#### [WHAT YOU SHOULD DO]
Take the material below and extract the lines from the one with "Hi, it's Mike" through the one with "Hello and welcome", word for word, without pictures.

-------- DATA RECORDS

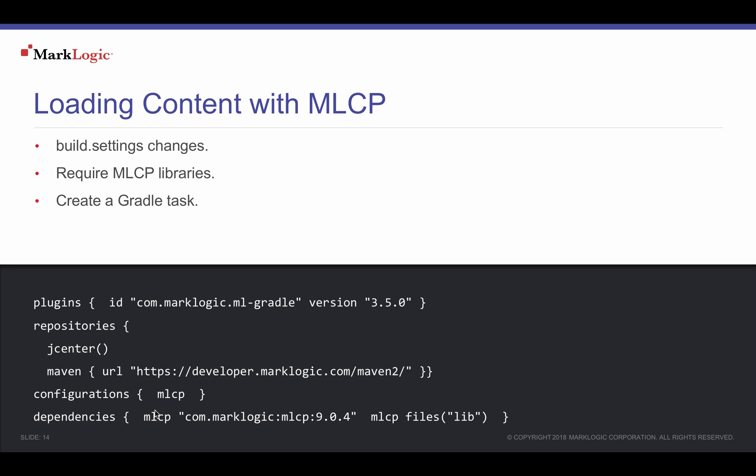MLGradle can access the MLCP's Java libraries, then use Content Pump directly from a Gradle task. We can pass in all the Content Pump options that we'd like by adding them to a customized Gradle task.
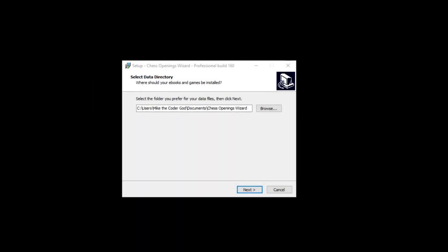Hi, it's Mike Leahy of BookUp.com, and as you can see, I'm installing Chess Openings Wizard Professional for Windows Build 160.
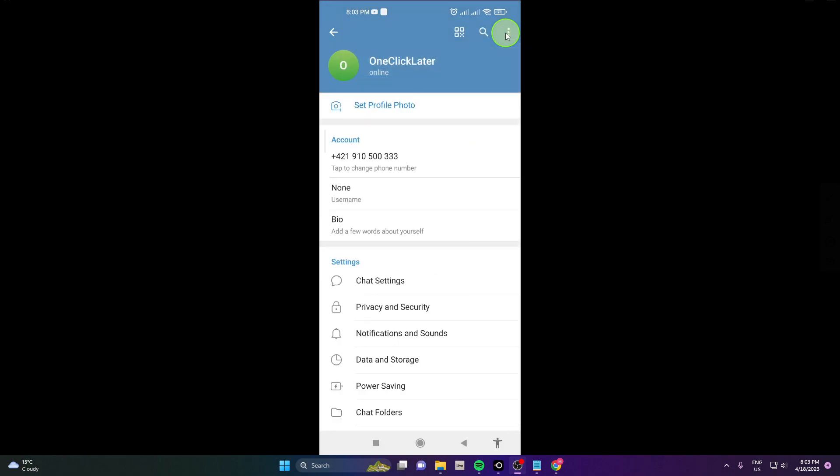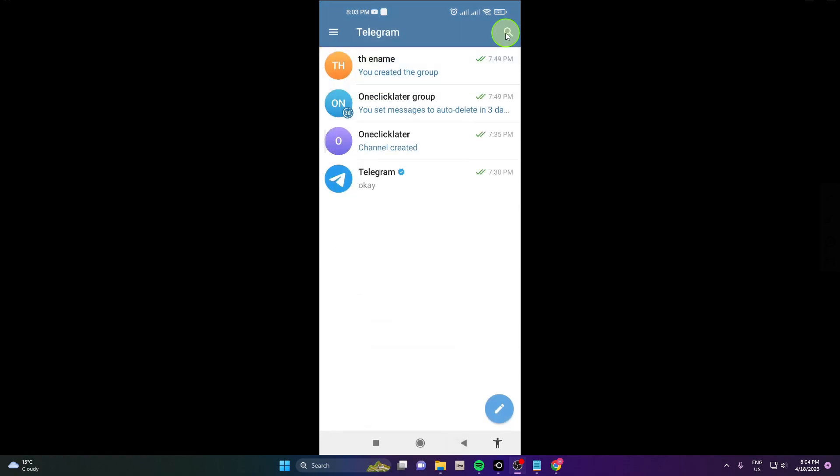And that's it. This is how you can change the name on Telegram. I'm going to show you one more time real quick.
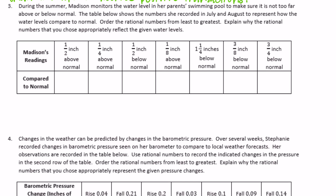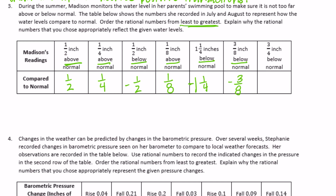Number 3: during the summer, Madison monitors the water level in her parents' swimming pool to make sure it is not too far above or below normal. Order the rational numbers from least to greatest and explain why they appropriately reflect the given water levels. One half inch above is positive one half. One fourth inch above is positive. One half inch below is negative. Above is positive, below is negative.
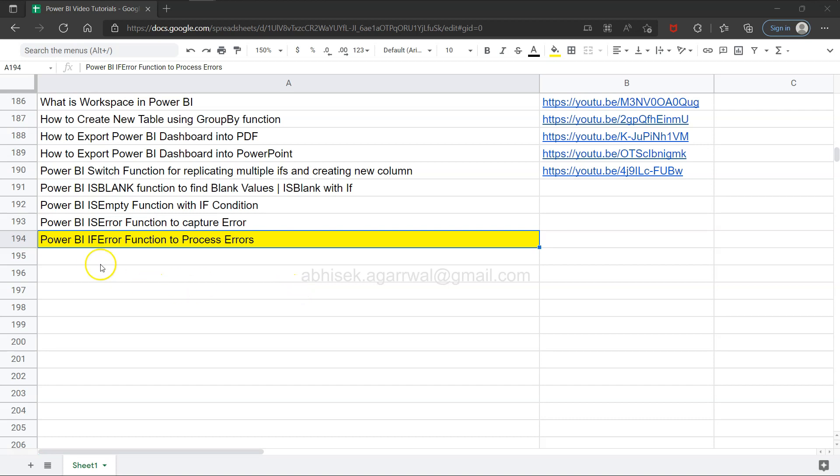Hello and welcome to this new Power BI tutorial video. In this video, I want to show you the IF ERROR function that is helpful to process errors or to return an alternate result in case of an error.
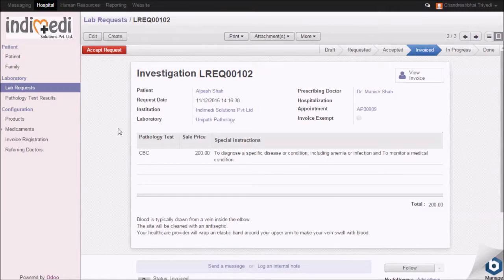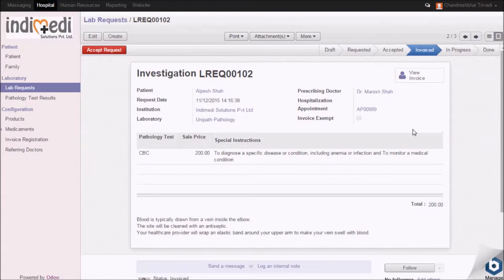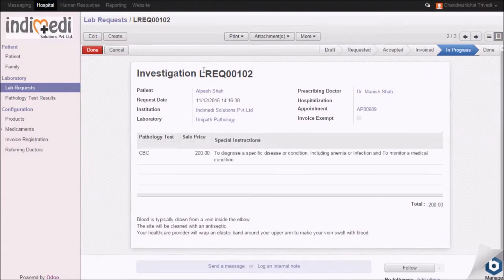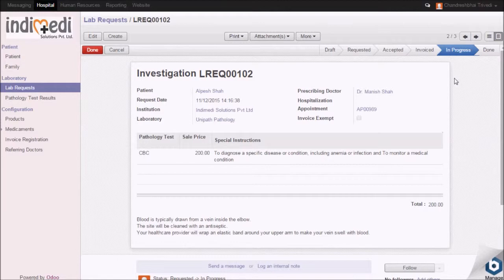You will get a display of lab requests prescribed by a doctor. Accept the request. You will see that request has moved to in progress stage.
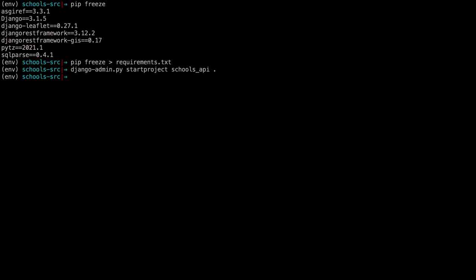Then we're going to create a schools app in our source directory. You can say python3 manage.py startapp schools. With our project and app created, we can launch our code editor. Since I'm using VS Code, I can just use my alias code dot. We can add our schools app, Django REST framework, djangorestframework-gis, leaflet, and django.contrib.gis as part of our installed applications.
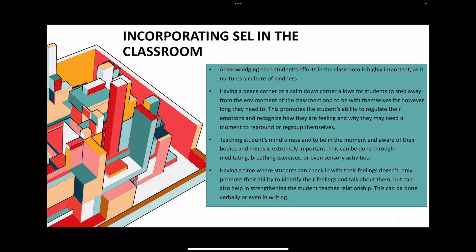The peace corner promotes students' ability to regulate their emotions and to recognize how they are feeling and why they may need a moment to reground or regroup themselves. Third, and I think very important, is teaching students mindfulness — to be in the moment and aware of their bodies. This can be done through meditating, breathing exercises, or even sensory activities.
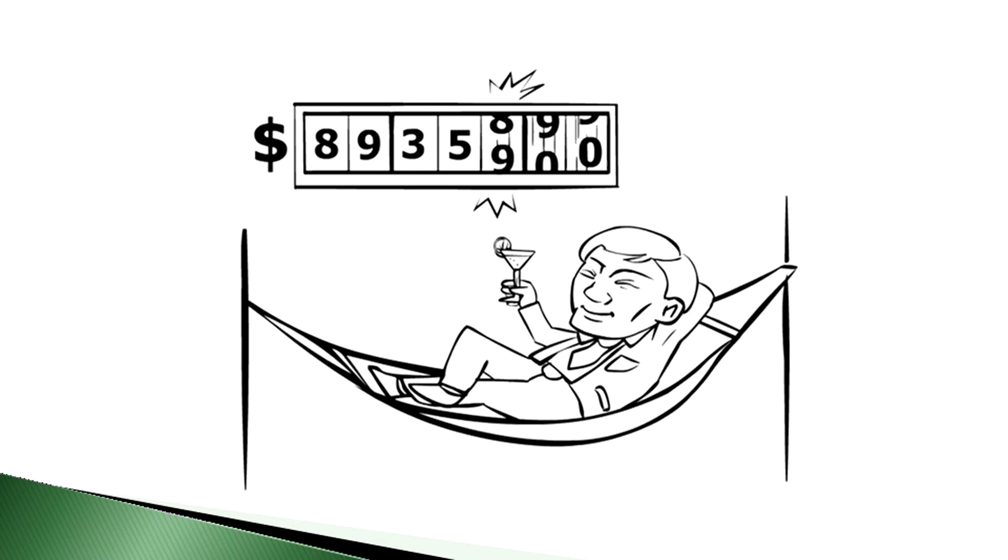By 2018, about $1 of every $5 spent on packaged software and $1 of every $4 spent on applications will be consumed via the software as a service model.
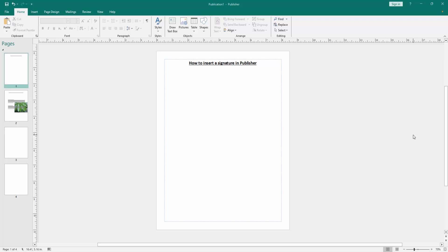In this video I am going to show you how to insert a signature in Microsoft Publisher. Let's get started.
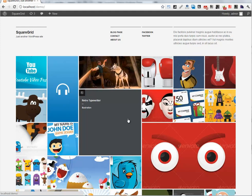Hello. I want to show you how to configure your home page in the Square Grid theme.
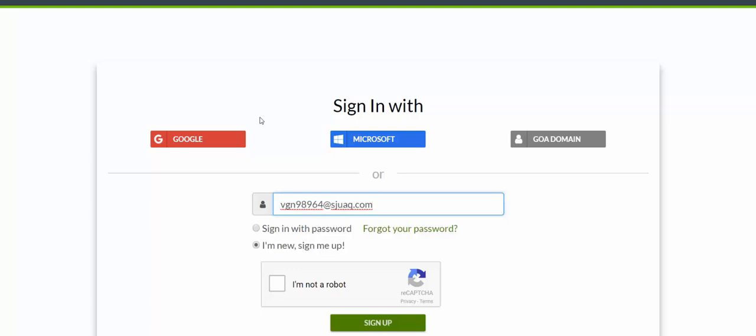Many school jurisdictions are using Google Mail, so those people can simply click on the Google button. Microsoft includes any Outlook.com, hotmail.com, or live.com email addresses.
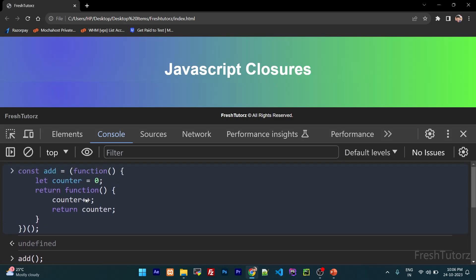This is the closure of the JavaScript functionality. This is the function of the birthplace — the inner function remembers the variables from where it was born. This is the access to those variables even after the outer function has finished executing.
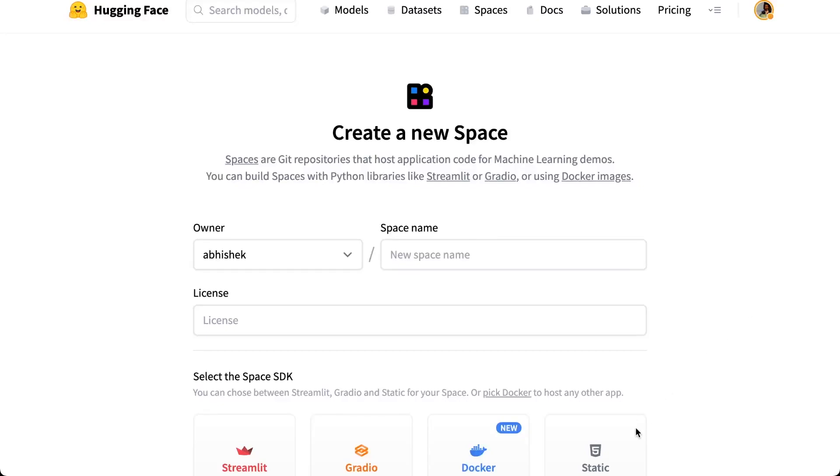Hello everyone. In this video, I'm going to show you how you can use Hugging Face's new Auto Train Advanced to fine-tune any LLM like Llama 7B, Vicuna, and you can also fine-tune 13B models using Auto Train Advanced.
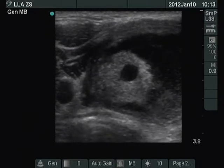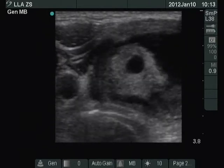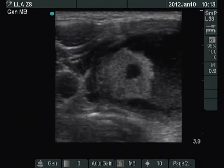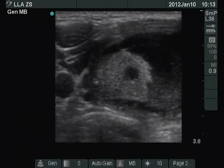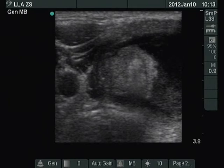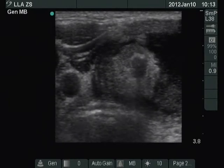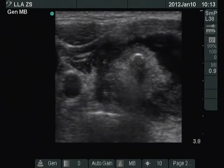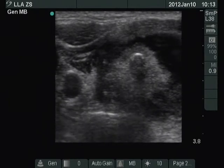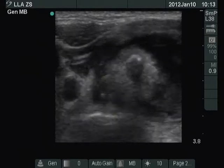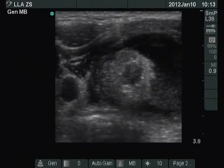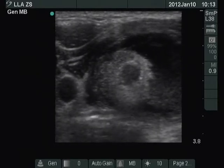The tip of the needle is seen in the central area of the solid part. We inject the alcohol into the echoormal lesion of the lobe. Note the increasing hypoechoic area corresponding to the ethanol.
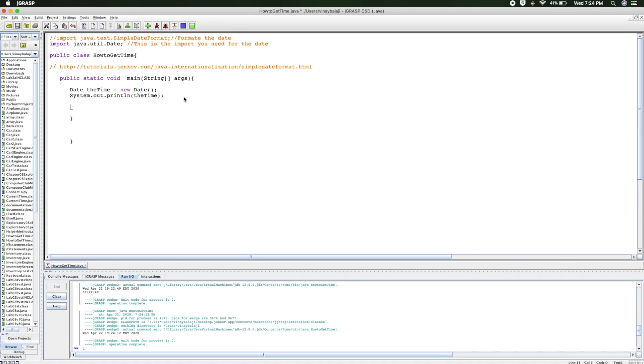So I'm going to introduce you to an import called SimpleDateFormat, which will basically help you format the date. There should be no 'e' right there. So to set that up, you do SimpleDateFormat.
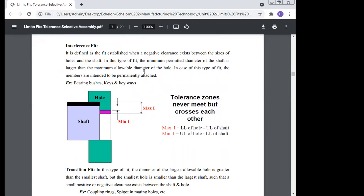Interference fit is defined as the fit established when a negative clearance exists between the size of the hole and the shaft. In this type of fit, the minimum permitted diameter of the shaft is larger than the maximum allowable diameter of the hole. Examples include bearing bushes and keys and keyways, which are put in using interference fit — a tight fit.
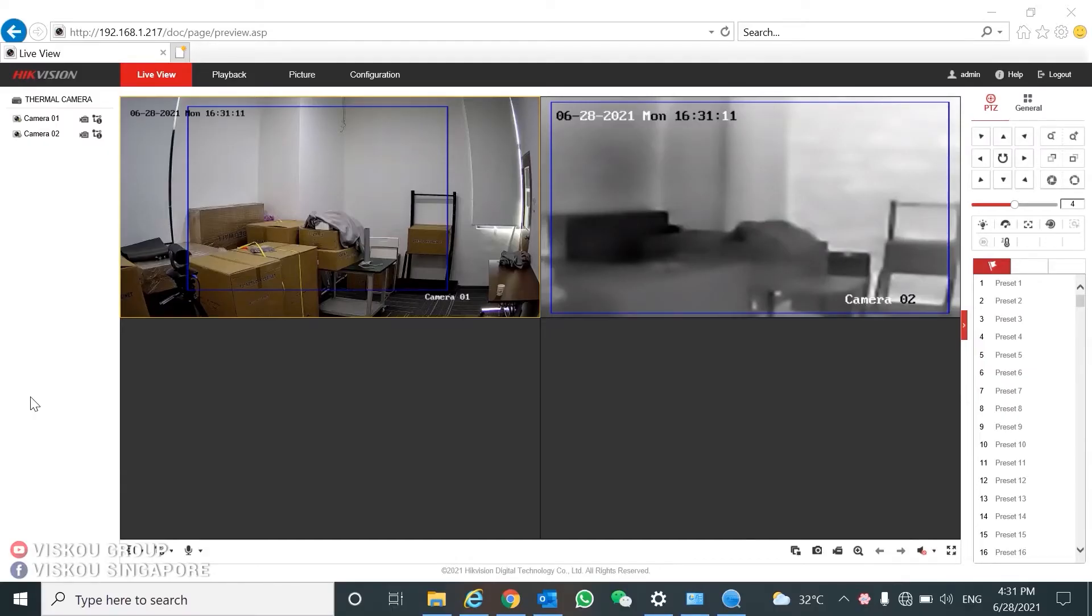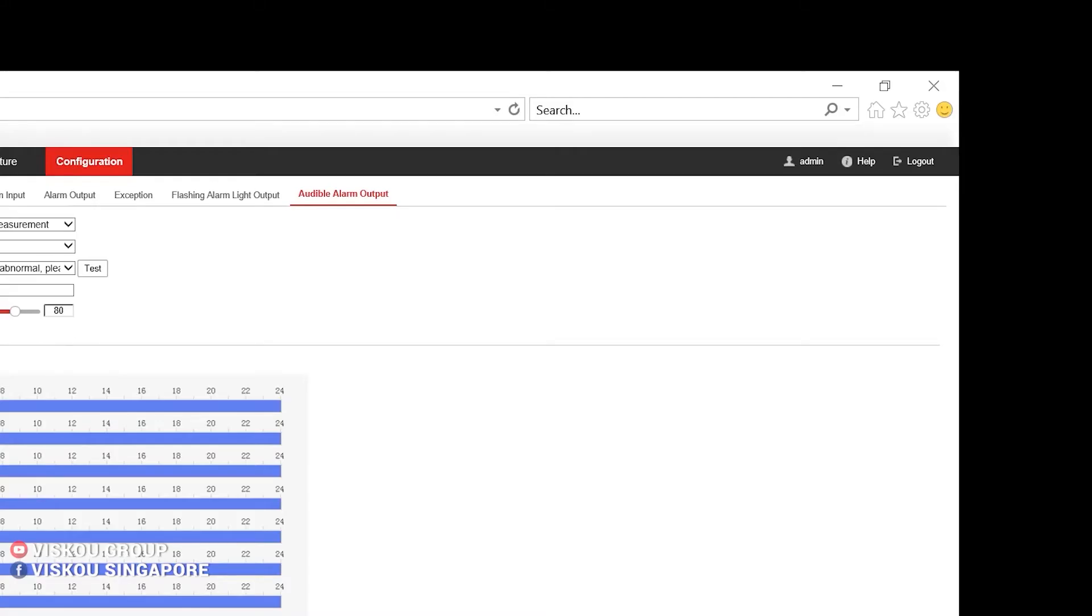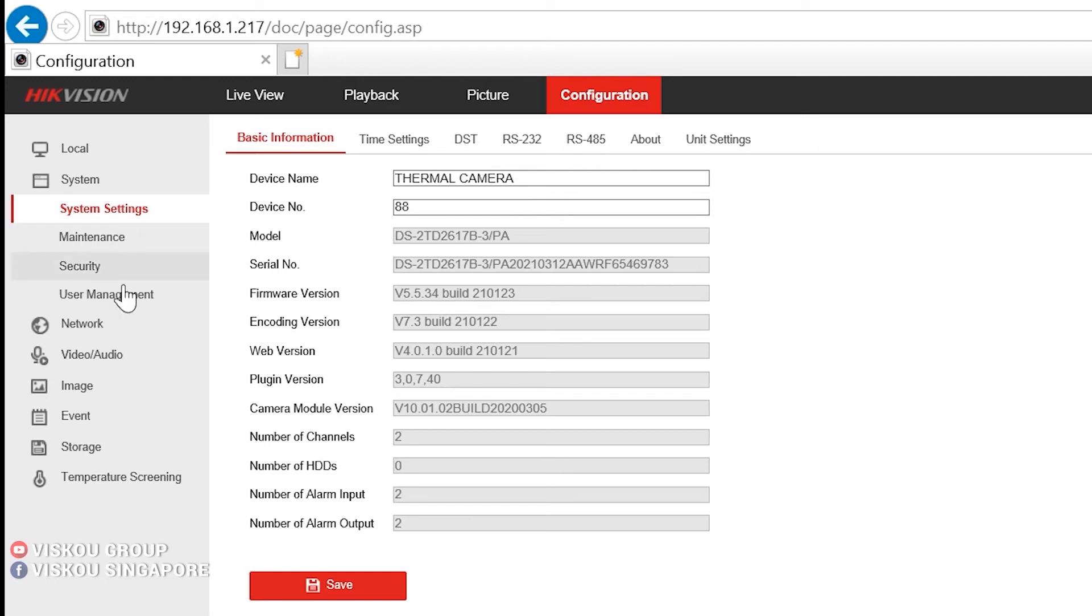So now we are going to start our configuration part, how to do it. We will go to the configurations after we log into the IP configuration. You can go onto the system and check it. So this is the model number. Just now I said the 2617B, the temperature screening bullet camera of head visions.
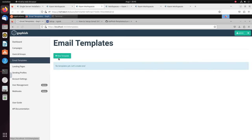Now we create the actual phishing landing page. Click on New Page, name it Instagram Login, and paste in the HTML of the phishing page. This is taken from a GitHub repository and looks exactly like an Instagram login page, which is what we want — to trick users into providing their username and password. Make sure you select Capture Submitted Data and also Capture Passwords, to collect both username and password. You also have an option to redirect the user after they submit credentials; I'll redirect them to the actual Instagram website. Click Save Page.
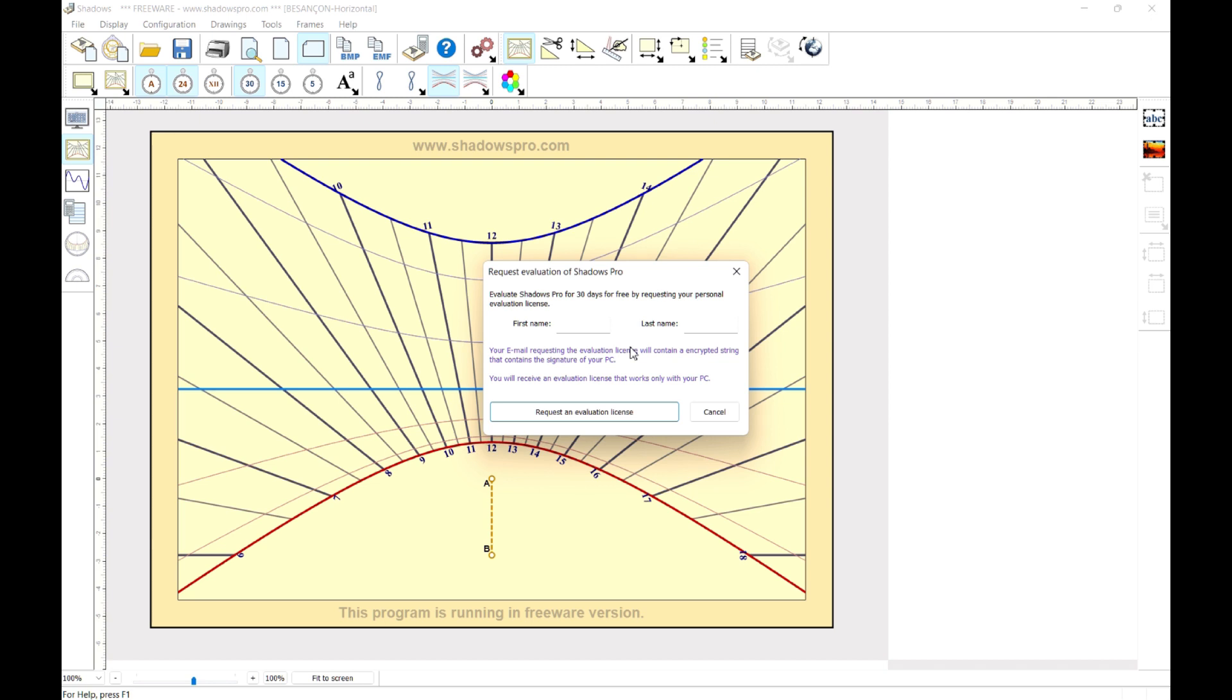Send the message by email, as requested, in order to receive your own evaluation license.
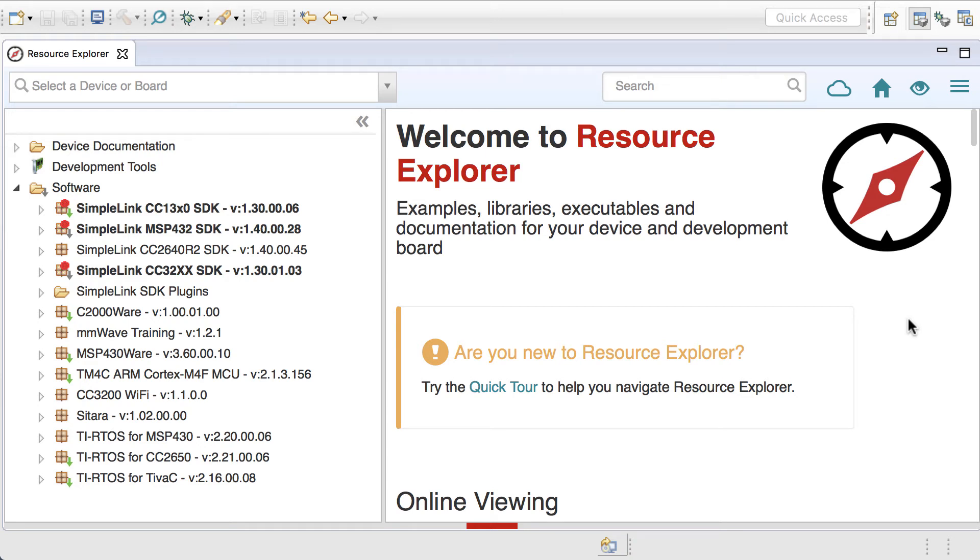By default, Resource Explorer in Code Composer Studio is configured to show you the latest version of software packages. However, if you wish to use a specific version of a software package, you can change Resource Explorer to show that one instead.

----------------

#### [TASK OUTPUT]
Hi, it's Mike Leahy of BookUp.com, and as you can see, I'm installing Chess Openings Wizard Professional for Windows Build 160.
And that's it. This is how you can change the name on Telegram. I'm going to show you one more time real quick.
Number 3: during the summer, Madison monitors the water level in her parents' swimming pool to make sure it is not too far above or below normal. Order the rational numbers from least to greatest and explain why they appropriately reflect the given water levels. One half inch above is positive one half. One fourth inch above is positive. One half inch below is negative. Above is positive, below is negative.
Hello and welcome to this new Power BI tutorial video. In this video, I want to show you the IF ERROR function that is helpful to process errors or to return an alternate result in case of an error.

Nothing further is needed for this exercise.